BEGIN Input data

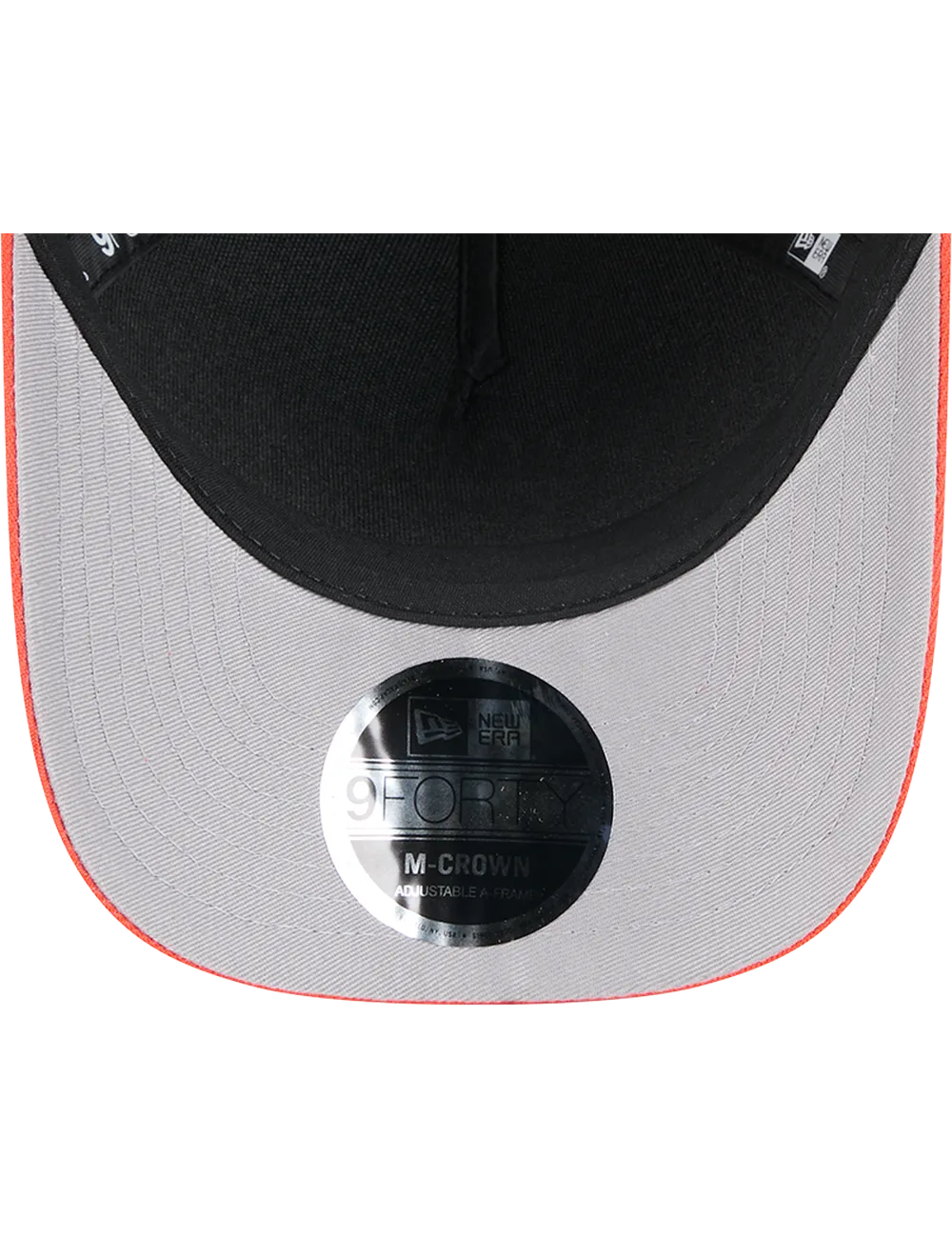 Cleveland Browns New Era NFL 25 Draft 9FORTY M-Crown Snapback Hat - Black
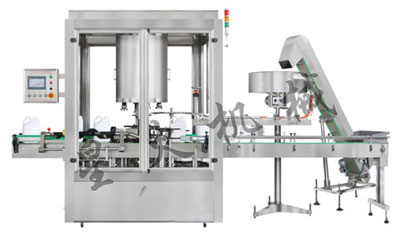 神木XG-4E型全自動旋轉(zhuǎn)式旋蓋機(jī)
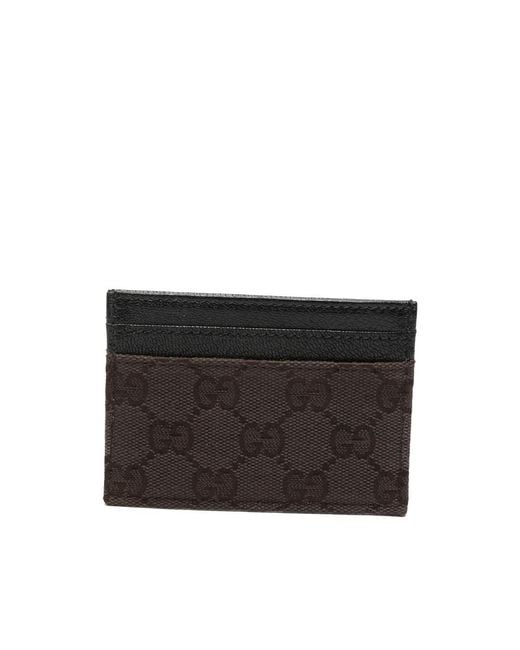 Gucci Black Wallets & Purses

END Input data

**Work request**:
The response must restate each line of the material above exactly and contain no images.

**Written response**:
 Cleveland Browns New Era NFL 25 Draft 9FORTY M-Crown Snapback Hat - Black
 神木XG-4E型全自動旋轉(zhuǎn)式旋蓋機(jī)
 Gucci Black Wallets & Purses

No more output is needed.